-- WHAT YOU NEED TO DO --
Return nothing but the lines from the one with "Let's begin by" through the one with "In this demo, I'll" in the data below, word for word and without pictures.

WORKING DATA: Begin

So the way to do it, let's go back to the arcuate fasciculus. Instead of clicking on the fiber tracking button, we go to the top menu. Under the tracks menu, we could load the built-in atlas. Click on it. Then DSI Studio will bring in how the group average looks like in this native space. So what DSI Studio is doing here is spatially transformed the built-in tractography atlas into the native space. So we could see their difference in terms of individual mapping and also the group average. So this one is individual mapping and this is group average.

WORKING DATA: End
WORKING DATA: Begin

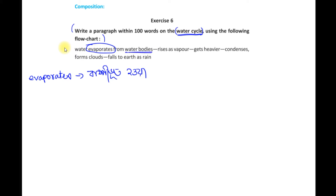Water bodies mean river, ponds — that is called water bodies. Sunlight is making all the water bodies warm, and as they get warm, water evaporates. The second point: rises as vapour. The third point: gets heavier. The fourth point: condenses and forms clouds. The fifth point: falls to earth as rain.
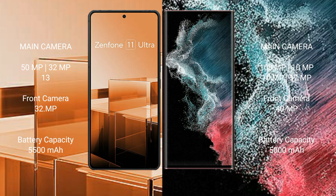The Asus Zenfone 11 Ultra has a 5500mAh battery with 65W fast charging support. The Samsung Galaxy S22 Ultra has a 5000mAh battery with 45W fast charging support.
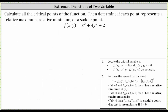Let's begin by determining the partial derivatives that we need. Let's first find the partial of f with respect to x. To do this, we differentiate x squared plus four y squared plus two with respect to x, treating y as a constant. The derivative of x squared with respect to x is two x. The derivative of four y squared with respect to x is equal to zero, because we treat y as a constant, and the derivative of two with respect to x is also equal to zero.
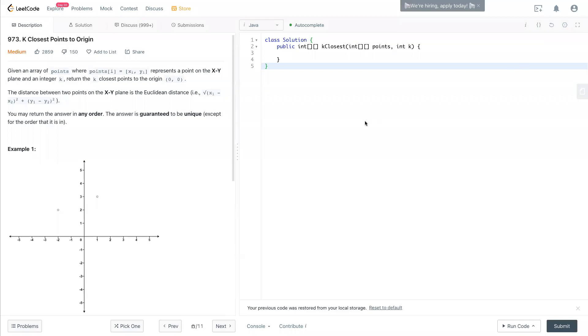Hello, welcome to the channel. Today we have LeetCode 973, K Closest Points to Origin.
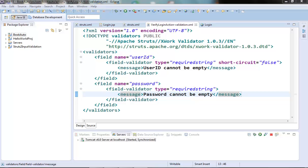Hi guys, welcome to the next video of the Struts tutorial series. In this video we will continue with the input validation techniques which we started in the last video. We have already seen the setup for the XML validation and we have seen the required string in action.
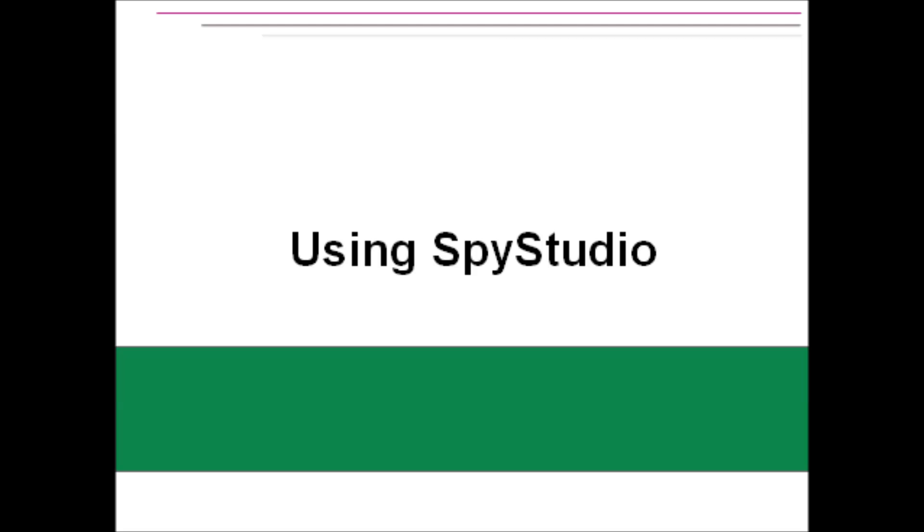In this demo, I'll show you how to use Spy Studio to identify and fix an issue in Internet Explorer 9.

WORKING DATA: End
WORKING DATA: Begin

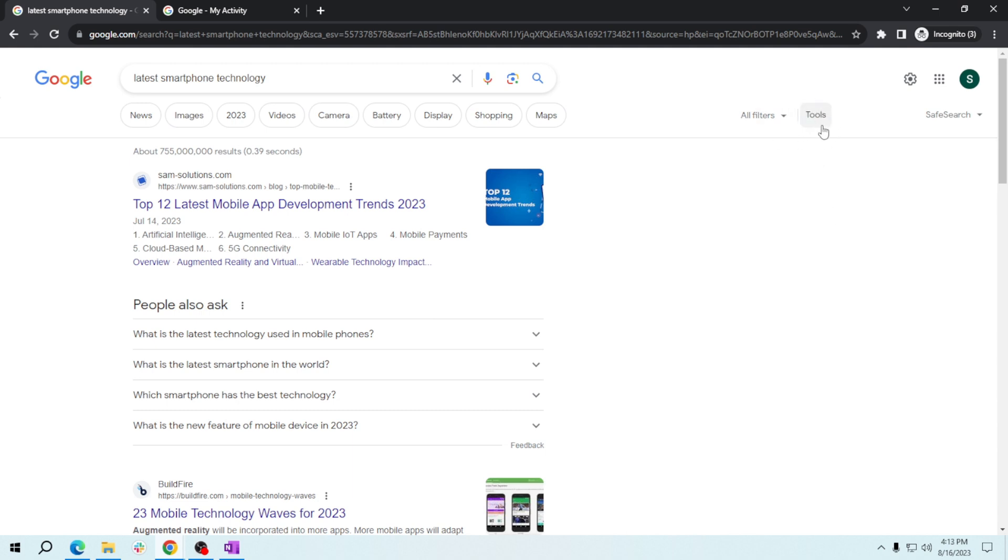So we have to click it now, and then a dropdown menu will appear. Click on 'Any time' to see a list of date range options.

WORKING DATA: End

-- OUTPUT --
Let's begin by determining the partial derivatives that we need. Let's first find the partial of f with respect to x. To do this, we differentiate x squared plus four y squared plus two with respect to x, treating y as a constant. The derivative of x squared with respect to x is two x. The derivative of four y squared with respect to x is equal to zero, because we treat y as a constant, and the derivative of two with respect to x is also equal to zero.
Hello, welcome to the channel. Today we have LeetCode 973, K Closest Points to Origin.
Hi guys, welcome to the next video of the Struts tutorial series. In this video we will continue with the input validation techniques which we started in the last video. We have already seen the setup for the XML validation and we have seen the required string in action.
In this demo, I'll show you how to use Spy Studio to identify and fix an issue in Internet Explorer 9.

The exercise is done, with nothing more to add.